By Vamien McKalin | Apr 18, 2013 09:34 AM EDT
So much is being said about Microsoft making "always online" a necessity for the Xbox 720. While I don't believe the company would go that route right now, if it did, it wouldn't be a problem; well, not to me.
Here's the thing: most gamers have their consoles online on a regular basis. Whenever I turn on my Xbox 360, the first thing it does is hook up with my Wi-Fi and it never goes offline unless it is turned off. It is quite possible many gamers do the same thing with their own consoles. Children nowadays, who are the next generations of gamers, are always online, and they will matter more in the long run compared to the guys who are making a big deal out of something so small.
You might say that if Microsoft makes "always online" mandatory, the company would fail in its plans to make the Xbox 720 the centerpiece of the living room. Well, not quite. As long as the Xbox 720 has great content, people will buy it, it's that simple. Gamers like to say they don't care, that they will never do this and that, but as great content comes around, they change their tune.
For example, have a look at the Xbox 360: this device was a nightmare in the early stages with all the Red Ring of Death problems; however, the console still turned out to be a success. Gamers bought into the Xbox 360 despite knowing of its shortcomings because it had great content. Gamers will do the same again if Microsoft does the unthinkable.
Furthermore, having an "always online" connection could mean good things for Microsoft. You see, it's the best way to fight piracy, take Diablo 3 for example, that's a triple A game that went on to sell over 12 million copies on PC because not a single person managed to rip it apart. Be certain in the belief that all developers want their games to do well, and the best way to ensure success apart from great content, is blocking piracy.

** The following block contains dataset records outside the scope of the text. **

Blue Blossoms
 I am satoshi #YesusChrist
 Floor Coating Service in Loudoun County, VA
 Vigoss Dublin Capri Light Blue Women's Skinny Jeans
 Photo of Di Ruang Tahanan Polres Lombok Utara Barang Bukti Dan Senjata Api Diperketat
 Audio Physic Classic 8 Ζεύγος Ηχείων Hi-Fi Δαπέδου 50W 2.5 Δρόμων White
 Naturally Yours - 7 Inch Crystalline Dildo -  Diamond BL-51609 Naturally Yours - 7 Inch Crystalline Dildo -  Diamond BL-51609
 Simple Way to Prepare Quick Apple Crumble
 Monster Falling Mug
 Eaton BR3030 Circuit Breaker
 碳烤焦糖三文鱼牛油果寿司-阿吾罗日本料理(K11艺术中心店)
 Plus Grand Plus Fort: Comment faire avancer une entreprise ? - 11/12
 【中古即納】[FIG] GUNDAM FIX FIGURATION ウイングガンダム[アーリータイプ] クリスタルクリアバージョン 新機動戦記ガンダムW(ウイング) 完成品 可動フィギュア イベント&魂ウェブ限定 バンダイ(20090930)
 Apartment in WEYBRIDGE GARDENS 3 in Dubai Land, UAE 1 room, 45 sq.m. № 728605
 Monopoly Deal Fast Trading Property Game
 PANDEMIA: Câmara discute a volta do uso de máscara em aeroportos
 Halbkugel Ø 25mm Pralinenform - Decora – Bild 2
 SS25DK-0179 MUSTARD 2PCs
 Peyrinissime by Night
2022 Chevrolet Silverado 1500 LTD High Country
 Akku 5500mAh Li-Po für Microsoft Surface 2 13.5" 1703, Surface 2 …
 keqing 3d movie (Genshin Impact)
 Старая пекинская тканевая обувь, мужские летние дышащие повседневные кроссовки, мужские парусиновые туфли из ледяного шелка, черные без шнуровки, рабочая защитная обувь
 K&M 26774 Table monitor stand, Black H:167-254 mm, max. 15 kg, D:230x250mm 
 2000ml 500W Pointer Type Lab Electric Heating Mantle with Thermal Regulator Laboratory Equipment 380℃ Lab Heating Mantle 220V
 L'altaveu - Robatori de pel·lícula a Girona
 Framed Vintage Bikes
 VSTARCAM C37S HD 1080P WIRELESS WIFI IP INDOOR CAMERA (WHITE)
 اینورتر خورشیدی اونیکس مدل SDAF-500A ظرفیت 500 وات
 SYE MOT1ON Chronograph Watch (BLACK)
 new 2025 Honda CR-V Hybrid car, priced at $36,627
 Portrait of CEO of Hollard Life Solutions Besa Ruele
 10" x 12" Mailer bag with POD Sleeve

Because of how sensitive the situation is, only a few developers would be brave enough to make their games require an Internet connection. Having an "always online" Xbox 720 would make things easier; plus, Microsoft could earn a lot of exclusive content for aiding the well-being of game developers.
Are you seeing it now? Microsoft could very well pull this off, and we all would have no problem dealing with it, as long as great content is always available. Sure, good ol' Microsoft may not pull such a stunt this time around, but whenever it happens, I'll be embracing "always online" with a massive hug ... and so would you.